Atlantic City Council is finally moving on a public safety civilian review board it first created — but never filled — nearly two years ago. The board was council’s answer after it had been “bombarded with complaints from the community regarding allegations of police brutality, harassment (and) abuse of authority,” according to the ordinance.
But since the 2012 vote, the only moves have been to keep changing how many members would sit on the board, which would be a first stop for such allegations.
The amended ordinance calls for 11 members, with each of the nine councilmen getting to make one appointment, and the mayor getting two. Originally, the public safety director also would have named a member, but the safety director position will be dissolved after Jan. 31.
At his promotion ceremony last month, new Police Chief Henry White said he welcomed transparency and believes that it will be found that his department operates in a professional manner. Allegations against officers already go to the Atlantic County Prosecutor’s Office, and there is oversight by the Attorney General’s Office.
The board’s duties would include establishing accountability — by investigating and hearing civilian complaints on police activity — and creating and utilizing an “early warning” or “at-risk” system to identify officers who have repeated complaints made against them.
But the board also would “protect officers from petty and vengeful complaints as well as protect the due process rights of officers engaged in the complaint process,” the ordinance states.

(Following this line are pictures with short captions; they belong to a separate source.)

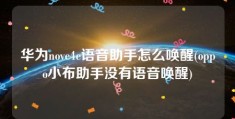 华为nove4e语音助手怎么唤醒(oppo小布助手没有语音唤醒)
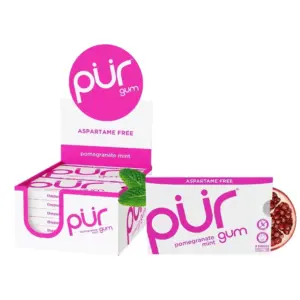 PUR Gum | Aspartame Free | Sugar Free and 100% Xylitol | Pomegranate Mint Chewing Gum | 9 Pieces | Pack of 12 | Pomegranate Mint
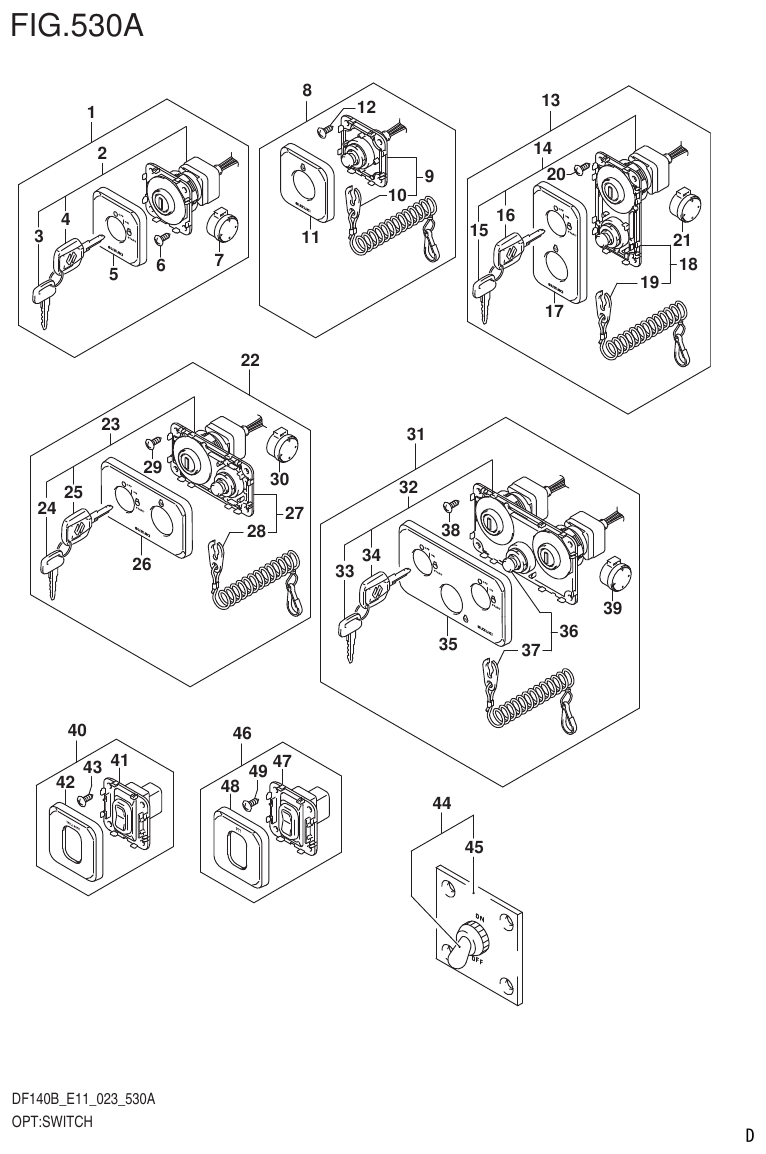 Suzuki DF140B, DF140BT, DF140BZ, DF115BT, DF115BZ, DF115B OPT:SWITCH parts diagram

Atlantic City garnered national attention after a video showing a June 15 arrest outside the Tropicana Casino Hotel allegedly showed officers beating a 20-year-old Linwood man. Connor Castellani’s family filed suit against the officers and department in September.
National Action Network of South Jersey President Steve Young held a news conference before the Nov. 13 City Council meeting calling for several actions to be taken, including implementation of the board within 30 days.
That has not yet happened.
The amended ordinance — which is up for second reading Jan. 15 — shows how long the board has been planned. It has the two-year terms of appointed board members beginning Jan. 1, 2012.
Members would first have to pass a criminal history background check conducted by the Atlantic City Police Department.
If the board should find a complaint warrants a hearing, that would go to the “second tier,” which would consist of council members.